> Your objective
Of the lines listed below, return exactly those that run from the line containing "El Bicho Cristiano-ronaldo" through the line containing "illustration design happy", both included.

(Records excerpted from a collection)
....
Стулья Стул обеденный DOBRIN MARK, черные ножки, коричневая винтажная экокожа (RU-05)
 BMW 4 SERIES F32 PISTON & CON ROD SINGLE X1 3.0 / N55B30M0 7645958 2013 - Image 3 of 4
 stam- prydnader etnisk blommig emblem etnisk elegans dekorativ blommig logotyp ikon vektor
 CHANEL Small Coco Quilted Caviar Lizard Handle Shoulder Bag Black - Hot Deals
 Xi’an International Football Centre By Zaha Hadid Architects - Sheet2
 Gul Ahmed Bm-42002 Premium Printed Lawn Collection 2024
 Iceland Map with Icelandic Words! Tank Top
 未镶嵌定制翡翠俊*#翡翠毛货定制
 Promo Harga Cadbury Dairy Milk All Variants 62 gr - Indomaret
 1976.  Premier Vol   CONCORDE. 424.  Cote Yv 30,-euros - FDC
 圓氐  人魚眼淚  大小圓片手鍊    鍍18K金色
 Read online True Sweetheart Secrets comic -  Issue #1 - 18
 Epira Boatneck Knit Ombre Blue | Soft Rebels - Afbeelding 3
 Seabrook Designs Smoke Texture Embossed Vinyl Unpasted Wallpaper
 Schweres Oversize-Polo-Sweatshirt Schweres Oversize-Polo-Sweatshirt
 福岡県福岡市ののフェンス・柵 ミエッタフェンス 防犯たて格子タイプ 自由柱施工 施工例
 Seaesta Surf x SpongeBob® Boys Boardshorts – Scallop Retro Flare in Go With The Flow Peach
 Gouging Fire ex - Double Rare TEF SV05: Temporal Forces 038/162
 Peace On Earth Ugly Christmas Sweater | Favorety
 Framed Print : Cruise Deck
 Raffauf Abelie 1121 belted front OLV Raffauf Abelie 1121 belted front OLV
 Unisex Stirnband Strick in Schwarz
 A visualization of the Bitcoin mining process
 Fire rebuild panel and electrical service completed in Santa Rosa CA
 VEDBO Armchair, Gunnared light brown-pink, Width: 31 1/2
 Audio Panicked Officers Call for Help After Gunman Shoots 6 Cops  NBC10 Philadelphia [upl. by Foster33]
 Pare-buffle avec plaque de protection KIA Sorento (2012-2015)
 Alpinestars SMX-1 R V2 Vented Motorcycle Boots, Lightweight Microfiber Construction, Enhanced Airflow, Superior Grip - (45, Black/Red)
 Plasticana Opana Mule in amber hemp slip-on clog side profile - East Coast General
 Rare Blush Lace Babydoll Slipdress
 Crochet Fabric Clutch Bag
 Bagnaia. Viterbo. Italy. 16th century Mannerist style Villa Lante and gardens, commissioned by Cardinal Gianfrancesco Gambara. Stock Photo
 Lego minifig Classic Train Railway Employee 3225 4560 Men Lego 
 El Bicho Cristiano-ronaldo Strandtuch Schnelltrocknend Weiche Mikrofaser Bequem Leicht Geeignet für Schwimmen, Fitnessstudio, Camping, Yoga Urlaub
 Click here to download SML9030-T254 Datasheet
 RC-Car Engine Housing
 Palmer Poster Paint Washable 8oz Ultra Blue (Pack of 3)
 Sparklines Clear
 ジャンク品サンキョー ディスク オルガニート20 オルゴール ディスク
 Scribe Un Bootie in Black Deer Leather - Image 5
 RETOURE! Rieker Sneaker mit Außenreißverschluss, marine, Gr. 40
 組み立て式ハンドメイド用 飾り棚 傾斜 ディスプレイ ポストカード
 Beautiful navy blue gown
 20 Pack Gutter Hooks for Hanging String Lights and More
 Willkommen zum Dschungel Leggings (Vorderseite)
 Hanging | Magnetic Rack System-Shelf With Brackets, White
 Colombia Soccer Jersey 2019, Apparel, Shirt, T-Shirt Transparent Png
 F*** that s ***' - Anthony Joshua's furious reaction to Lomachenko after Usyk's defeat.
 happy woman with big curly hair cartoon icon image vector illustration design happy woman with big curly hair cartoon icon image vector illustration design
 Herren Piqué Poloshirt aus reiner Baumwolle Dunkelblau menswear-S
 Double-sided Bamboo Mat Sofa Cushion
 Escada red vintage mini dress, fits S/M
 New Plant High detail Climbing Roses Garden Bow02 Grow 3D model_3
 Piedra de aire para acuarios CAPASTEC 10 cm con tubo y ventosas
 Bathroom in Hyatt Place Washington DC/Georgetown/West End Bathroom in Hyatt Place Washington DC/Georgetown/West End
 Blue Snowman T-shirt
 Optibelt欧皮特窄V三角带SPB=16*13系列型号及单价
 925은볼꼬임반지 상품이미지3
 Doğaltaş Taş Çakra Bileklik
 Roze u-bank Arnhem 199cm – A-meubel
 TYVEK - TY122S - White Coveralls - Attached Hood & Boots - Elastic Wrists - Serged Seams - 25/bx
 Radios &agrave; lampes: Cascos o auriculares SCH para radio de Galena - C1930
....
> Answer to this exercise
 El Bicho Cristiano-ronaldo Strandtuch Schnelltrocknend Weiche Mikrofaser Bequem Leicht Geeignet für Schwimmen, Fitnessstudio, Camping, Yoga Urlaub
 Click here to download SML9030-T254 Datasheet
 RC-Car Engine Housing
 Palmer Poster Paint Washable 8oz Ultra Blue (Pack of 3)
 Sparklines Clear
 ジャンク品サンキョー ディスク オルガニート20 オルゴール ディスク
 Scribe Un Bootie in Black Deer Leather - Image 5
 RETOURE! Rieker Sneaker mit Außenreißverschluss, marine, Gr. 40
 組み立て式ハンドメイド用 飾り棚 傾斜 ディスプレイ ポストカード
 Beautiful navy blue gown
 20 Pack Gutter Hooks for Hanging String Lights and More
 Willkommen zum Dschungel Leggings (Vorderseite)
 Hanging | Magnetic Rack System-Shelf With Brackets, White
 Colombia Soccer Jersey 2019, Apparel, Shirt, T-Shirt Transparent Png
 F*** that s ***' - Anthony Joshua's furious reaction to Lomachenko after Usyk's defeat.
 happy woman with big curly hair cartoon icon image vector illustration design happy woman with big curly hair cartoon icon image vector illustration design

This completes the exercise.